> [Activity] Leave the images aside and repeat the whole listing exactly.

> [Supplied information]
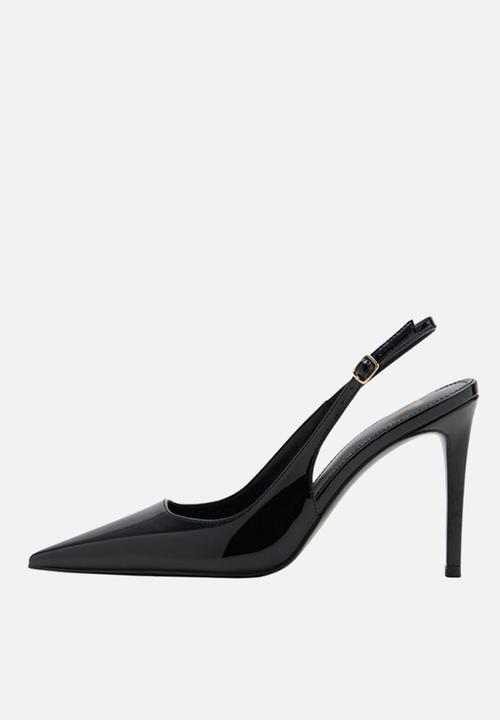 MANGO - Pietra slingback - black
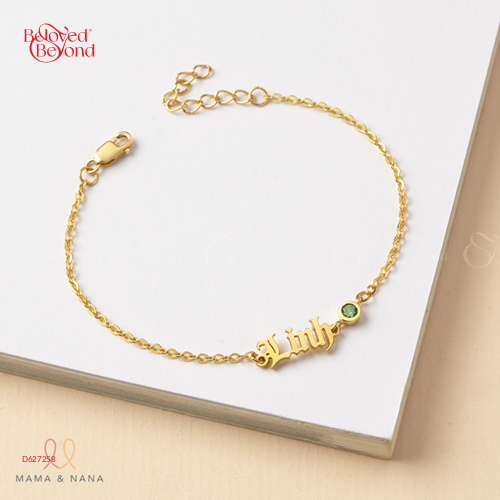Lắc Tay Khắc Tên & Charm Đá Quý Theo Mệnh Đính Dây - belovedbeyond.com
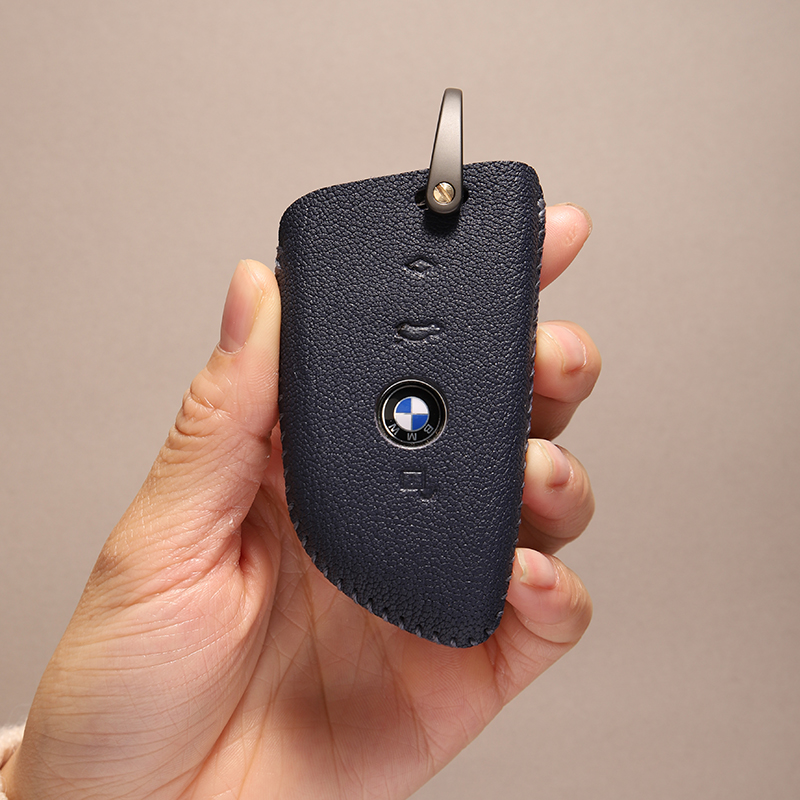 适用于宝马刀锋车钥匙套真皮壳扣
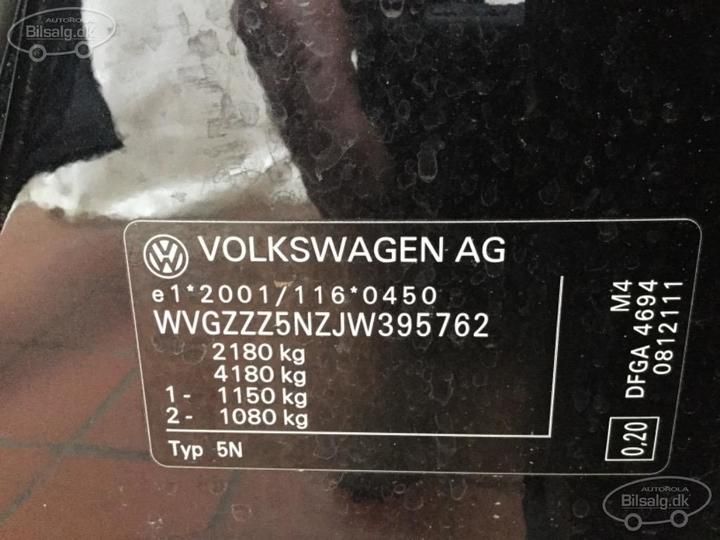 Photo 5 VIN: WVGZZZ5NZJW395762 - VOLKSWAGEN TIGUAN SUV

> [Task response]
 MANGO - Pietra slingback - black
Lắc Tay Khắc Tên & Charm Đá Quý Theo Mệnh Đính Dây - belovedbeyond.com
 适用于宝马刀锋车钥匙套真皮壳扣
 Photo 5 VIN: WVGZZZ5NZJW395762 - VOLKSWAGEN TIGUAN SUV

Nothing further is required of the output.